The numbers are staggering: Nearly 700 women in the U.S. die each year from pregnancy-related complications. Now, the White House is working to tackle the issue.
It presented a blueprint for states, the federal government and private companies Tuesday to address maternal mortality.
According to the latest numbers from the CDC, in 2019, about 20 of every 100,000 live births resulted in the death of the mother. That's an increase from 2018 when the rate was about 17 for every 100,000. The causes vary, especially when it comes to so-called fourth-trimester losses. That's a death occurring up to one year after the end of the pregnancy.
Dr. Shannon Pursell, executive director of the Virginia Neonatal Perinatal Collaborative, says some of it points back to mental health and a lack of access to treatment.
"We know that once baby comes into the picture that most moms, that maternal factor really kicks in, and now it's everything about baby. ... And a lot of times mom really kind of puts her priority for herself at the bottom of the barrel."

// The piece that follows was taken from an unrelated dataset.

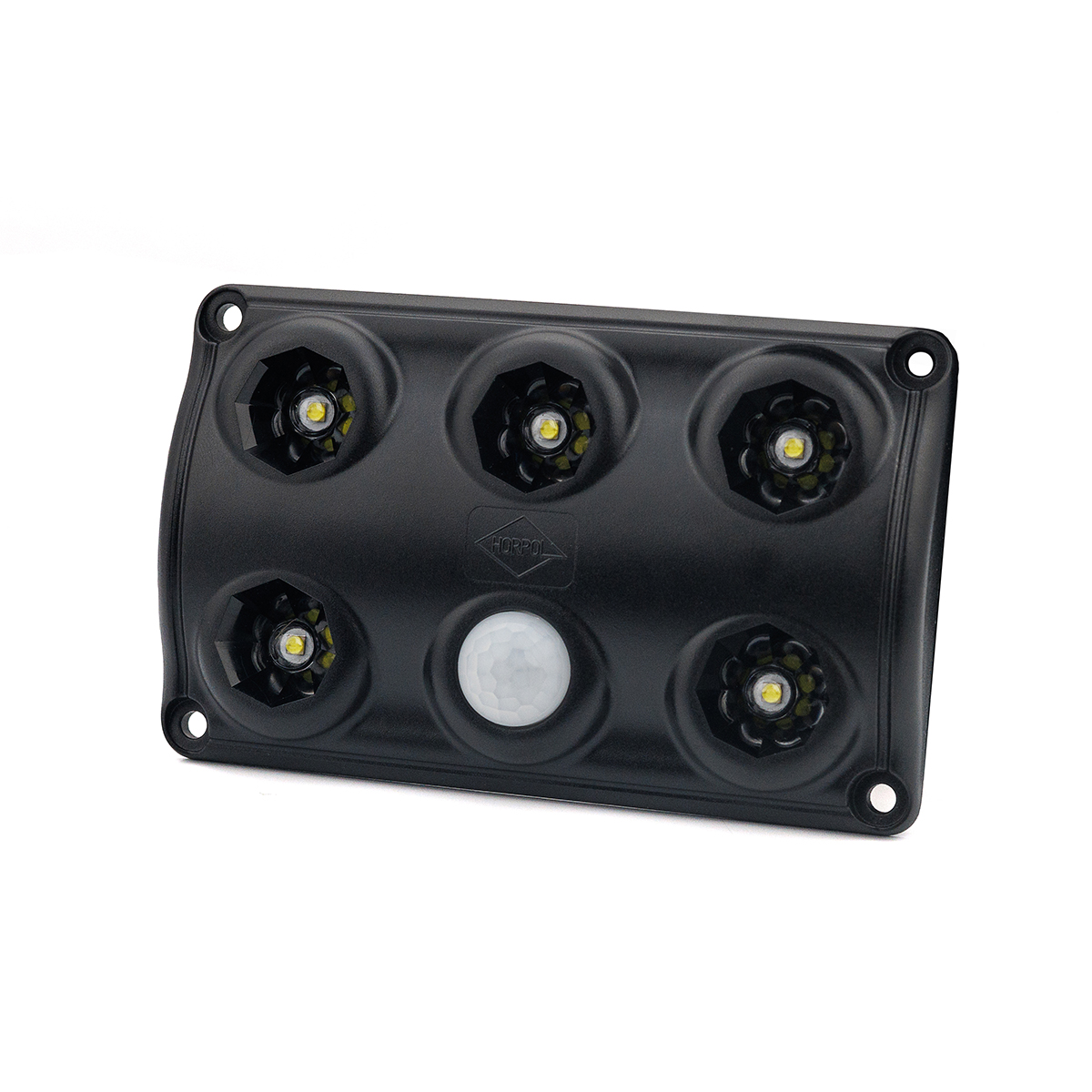 Horpol LED Interior Lamp Black 12-24V | Motion Sensor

When it comes to maternal mortality disparities, Black women are three times more likely to die from pregnancy complications. Those statistics are unchanged regardless of education or income level.
"We have our normal things where hospitals, all hospitals need to be following evidence-based protocols for treatment of certain medical conditions. But what we're finding, particularly around Black women, is that unfortunately, it is structural racism and a bias that is deep-rooted in our health care system that are causing these disparities of care," said Dr. Tamika Auguste with The American College of Obstetricians and Gynecologists.
"They're not being listened to, for whatever their concerns are. For example, there is still this very untrue thought that Black people feel pain differently than white people. And that's being transferred to Black women in around pregnancy are not being heard when it may come to their pain when something is wrong. And that's where we're going awry," said Auguste.
While the White House event was meant to bring attention to maternal deaths, it was also a push to pass the president's "Build Back Better" initiative, which in addition to $3 billion in maternal health funding would require states to provide 12 months of postpartum Medicaid coverage. That's up from the typical 60 days. That bill has already passed through the House and is now in the hands of the Senate.